La Parola Conclusiva

“… e la Scrittura non può essere annullata …”
[Giovanni 10:35]

Gesú Cristo conferisce un grande onore alle Sacre Scritture. Lo vediamo utilizzare un testo dei Salmi come argomentazione contro i propri nemici e poi stabilire il grande principio che: “La Scrittura non può essere annullata”. È come se avesse detto: “Qualunque cosa la Scrittura dica chiaramente su qualsiasi argomento non può essere discussa. Il caso è chiuso e definito. Persino uno iota o un apice della Scrittura è vero e deve essere accettato come conclusivo”.

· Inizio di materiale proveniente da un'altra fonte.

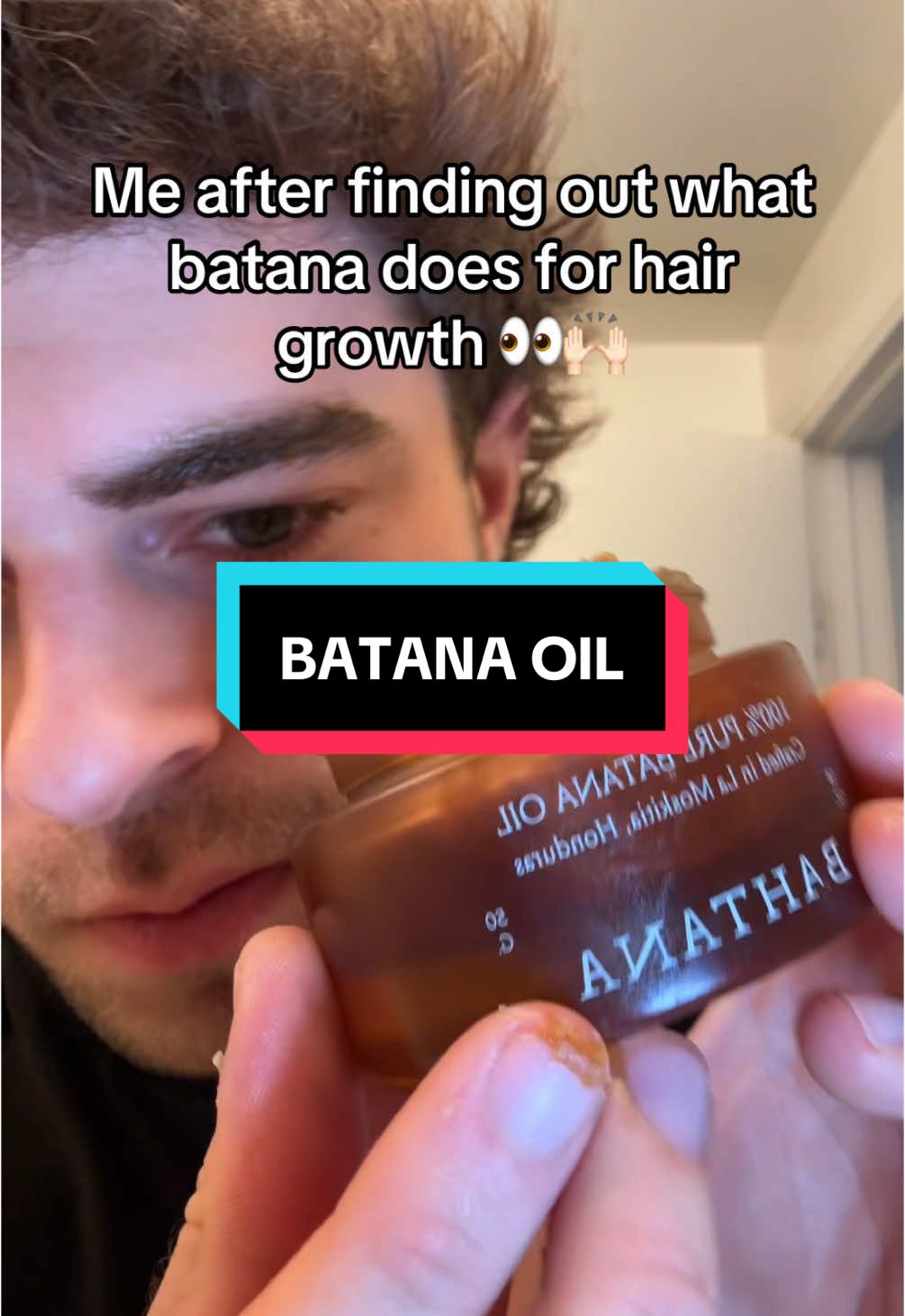 I was actually chopped and looked like a little boy and thought this stuff was just for woman until I found out it can help grow a fuller beard and also help my hairline 😭#BatanaOil #hairgrowth #GlowUp #healthyhair 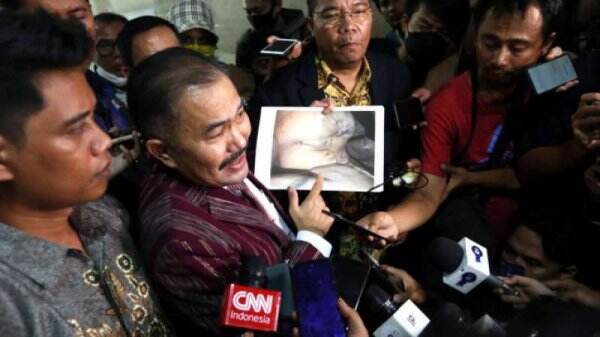 Brigadir J Dibunuh karena Disebut Bocorkan Informasi Kejahatan ke Atas, Pengacara Keluarga: Almarhum Ini Orang Baik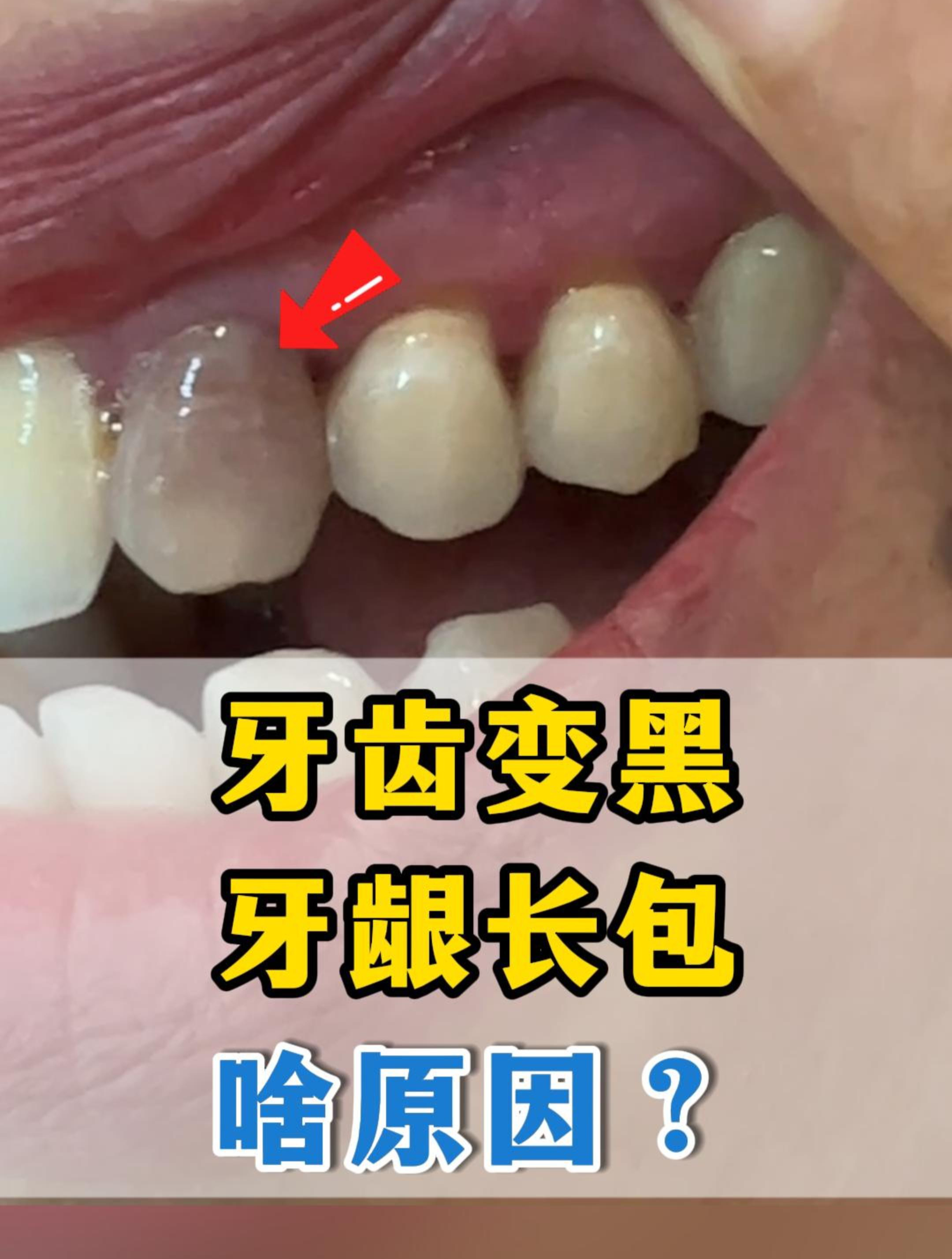 牙齿变黑很难看?可能是牙髓坏死!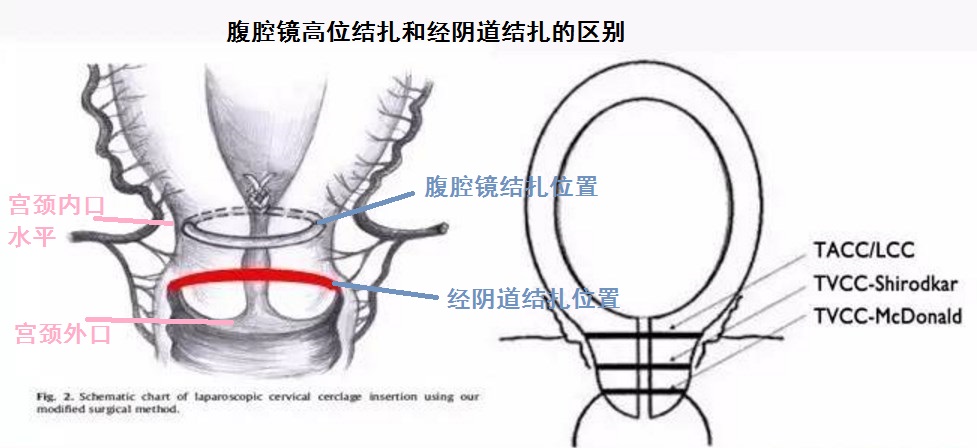 宫颈机能不全是不是容易痛,宫颈机能不全好治吗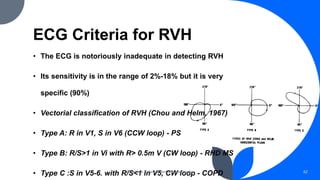 ECG Criteria for RVH
• The ECG is notoriously inadequate in detecting RVH
• Its sensitivity is in the range of 2%-18% but it is very
specific (90%)
• Vectorial classification of RVH (Chou and Helm, 1967)
• Type A: R in V1, S in V6 (CCW loop) - PS
• Type B: R/S>1 in Vi with R> 0.5m V (CW loop) - RHD MS
• Type C :S in V5-6. with R/S<1 in V5, CW loop - COPD
Chamber Enlargement & Hypertrophy 42
 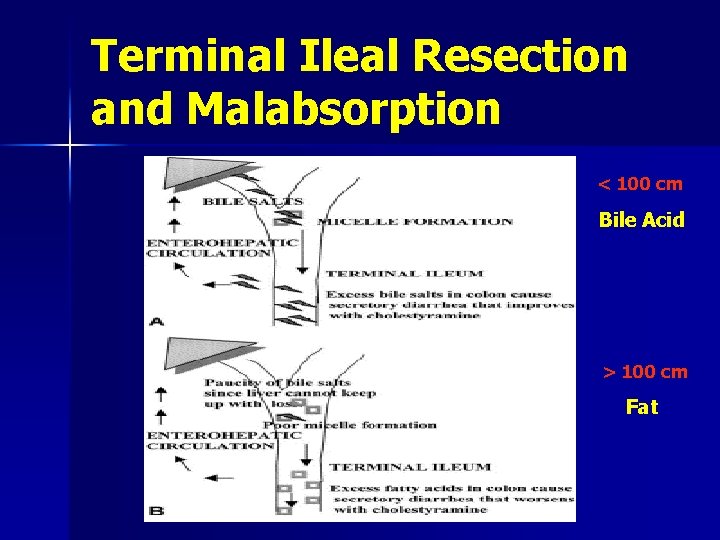 Terminal Ileal Resection and Malabsorption < 100 cm Bile Acid > 100 cm Fat
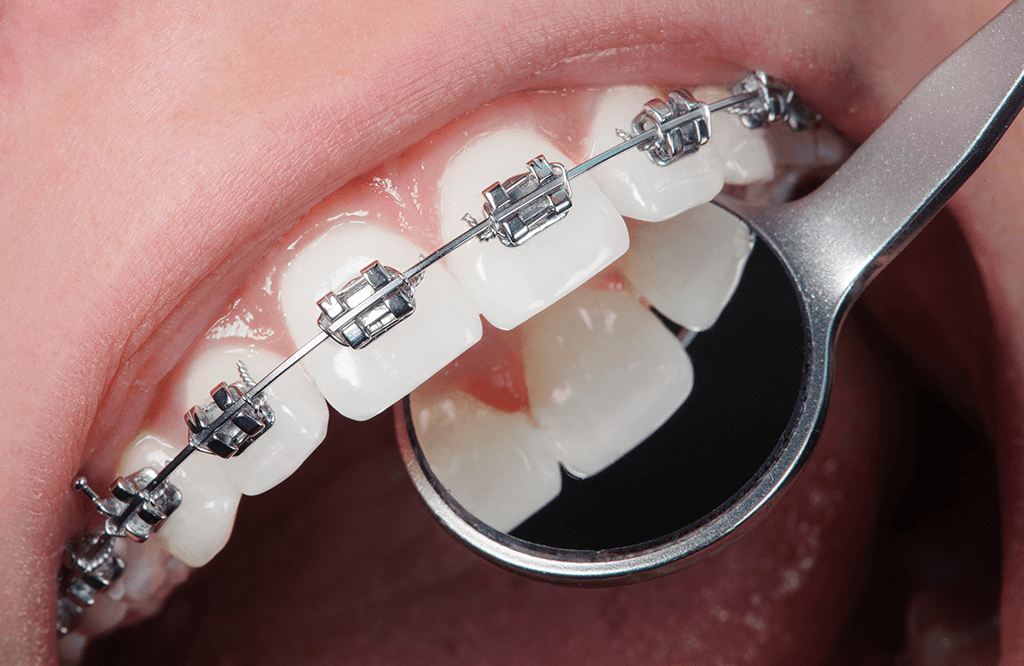 Blossom champion Moving Ortodontie aparat dentar Aparat Dentar - Smile Design Bucuresti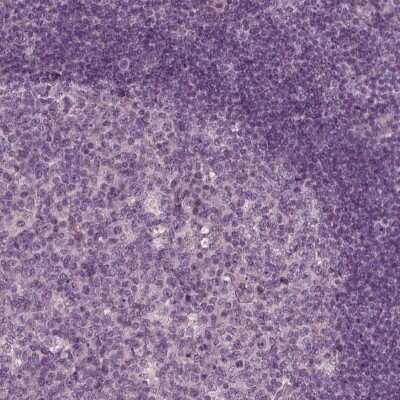 Immunohistochemistry-Paraffin: KIF6 Antibody [NBP1-86767]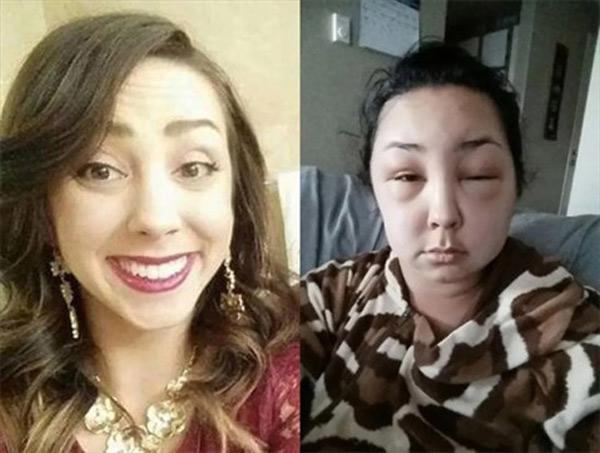 Cô giáo tử vong do nhuộm tóc, chuyên gia cảnh báo 5 người phải tránh xa mốt làm đẹp này-1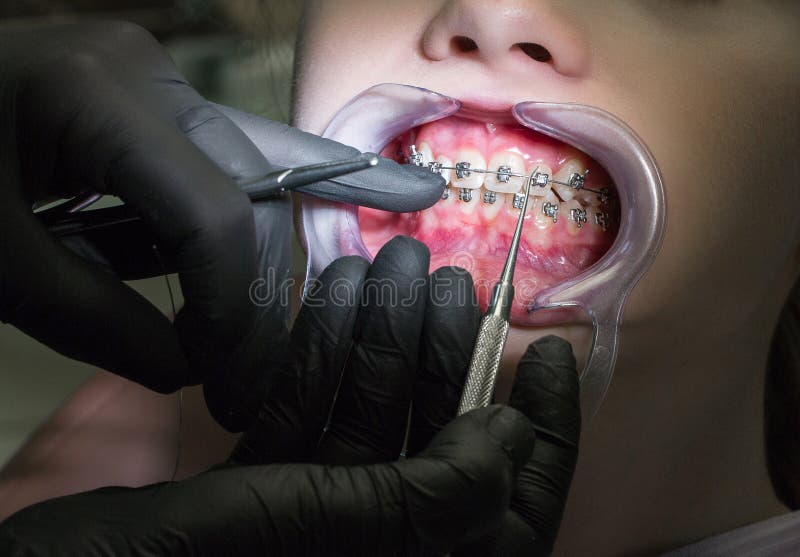 The girl with braces on reception at the dentist-orthodontist. Close-up. Hands in black glove with a tool at the patient`s teeth royalty free stock photography The girl with braces on reception at the dentist-orthodontist. Close-up. Hands in black glove with a tool at the patient`s teeth royalty free stock photography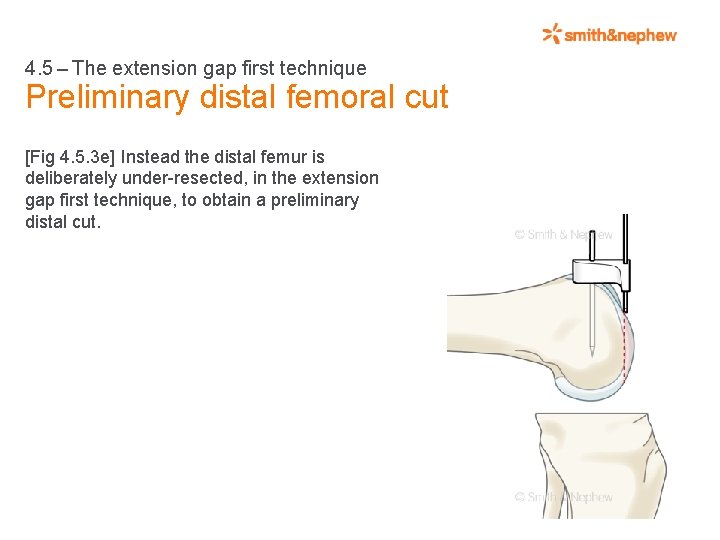 4. 5 – The extension gap first technique Preliminary distal femoral cut [Fig 4.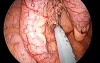 Appendectomy - transumbilical access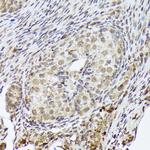 PSMD14 Antibody in Immunohistochemistry (Paraffin) (IHC (P))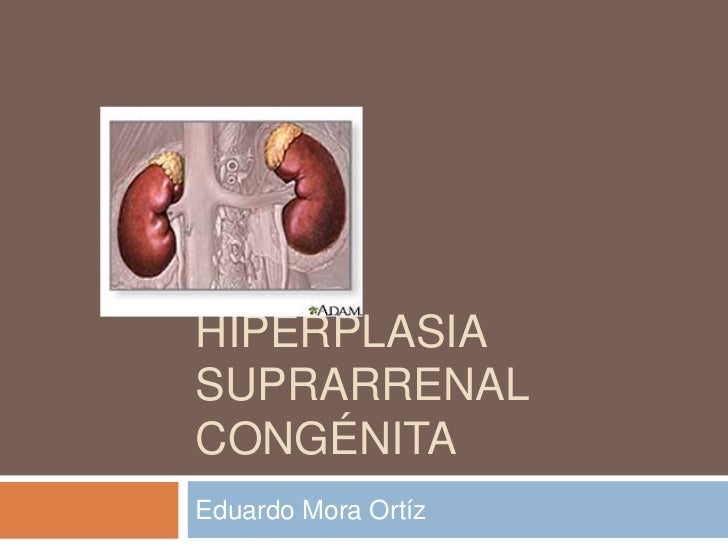 HIPERPLASIA SUPRARENAL hiperplasia suprarenal: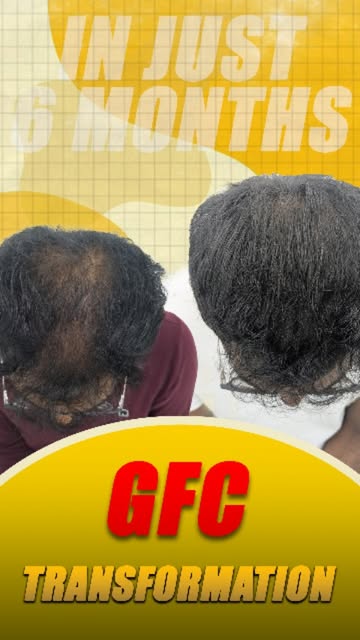 Hair thinning doesn’t happen overnight… but the right treatment plan can make a visible difference. 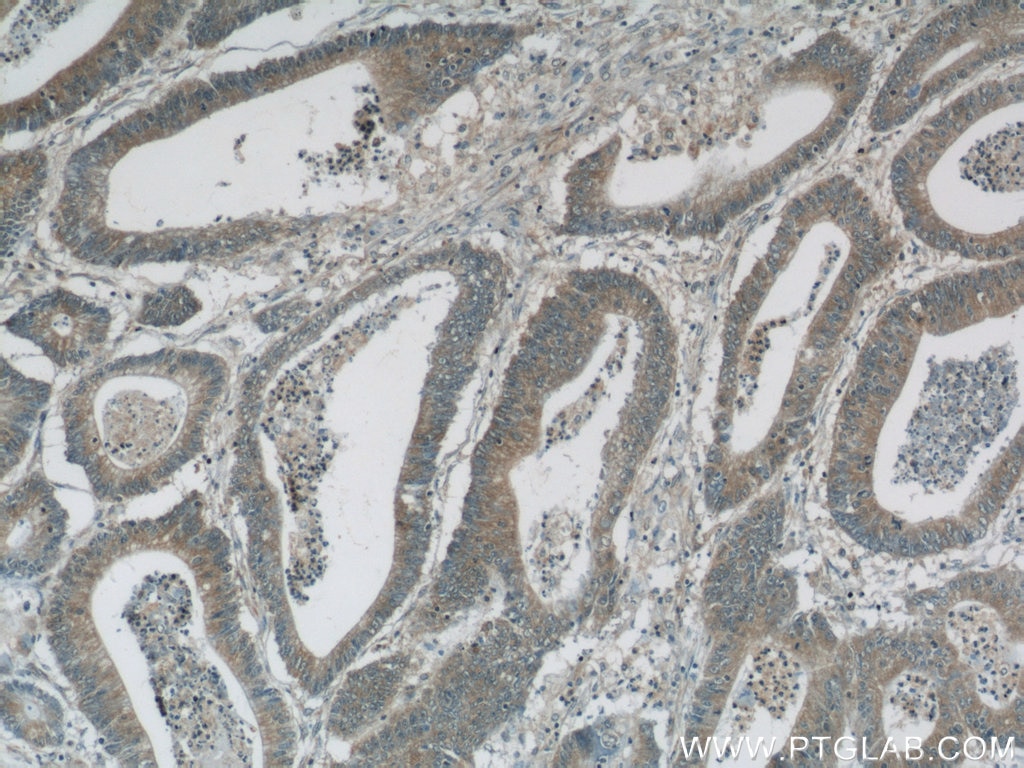 Immunohistochemistry (IHC) staining of human colon cancer tissue using NPR3 Polyclonal antibody (25248-1-AP)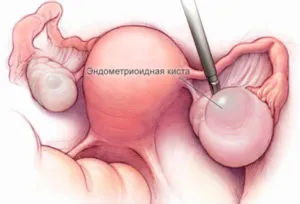опухоль в яичниках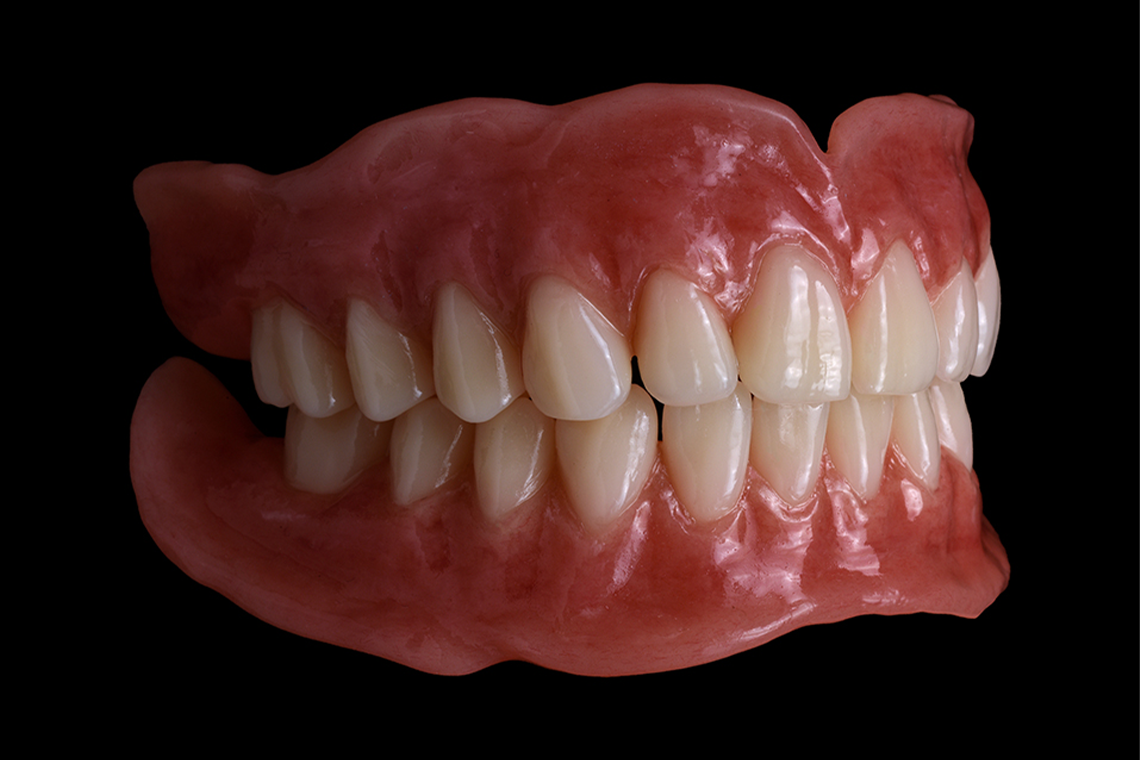 RESULT: The new full denture restoration during clinical integration.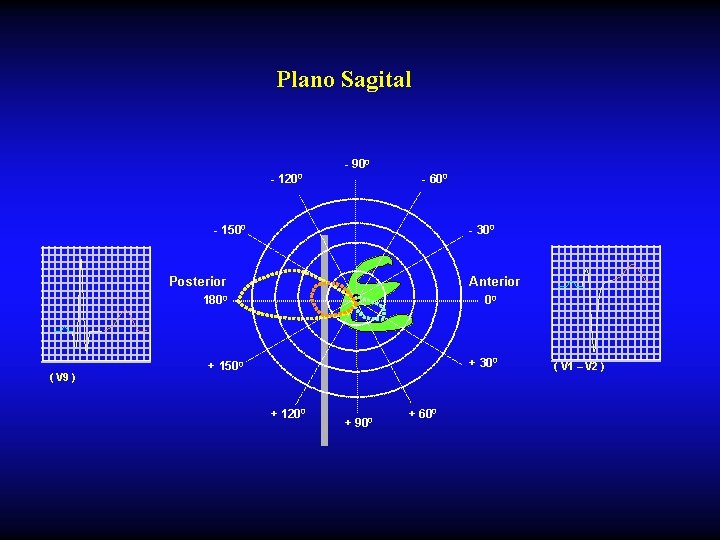 Plano Sagital - 900 - 1200 - 600 - 1500 - 300 Anterior Posterior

Il principio che Gesú stabilisce qui è di enorme importanza. Afferriamolo saldamente e non lasciamolo andare. Sosteniamo con franchezza la completa ispirazione di ogni parola. Crediamo non soltanto che ogni libro della Bibbia, ma che ogni capitolo, e non soltanto ogni capitolo, ma ogni versetto, e non soltanto ogni versetto, ma anche ogni parola è stata data per ispirazione di Dio. L’ispirazione, non dobbiamo tirarci indietro dal dichiararlo, non si estende ai pensieri e alle idee della Scrittura, ma alla più piccola parola.
Il principio che abbiamo davanti è oggetto di violenti assalti ai nostri giorni. Il cuore del credente non venga meno per questo. Rimaniamo fermi nella nostra posizione e difendiamo il principio dell’ispirazione plenaria della Scrittura come faremmo per la pupilla del nostro occhio. Nella Scrittura, non dobbiamo evitare di ammetterlo, ci sono cose difficili da spiegare, da riconciliare e da comprendere. Ma in tutte queste difficoltà il problema non sta nella Scrittura, quanto piuttosto nella nostra debole mente. In ogni caso faremmo bene ad aspettare maggiore luce e credere che tutto sarà reso chiaro un giorno.
La cosa più saggia è rimanere sul sentiero antico – la via della fede e dell’umiltà – e dichiarare con determinazione: “Non posso rinunciare ad una sola parola della mia Bibbia!”.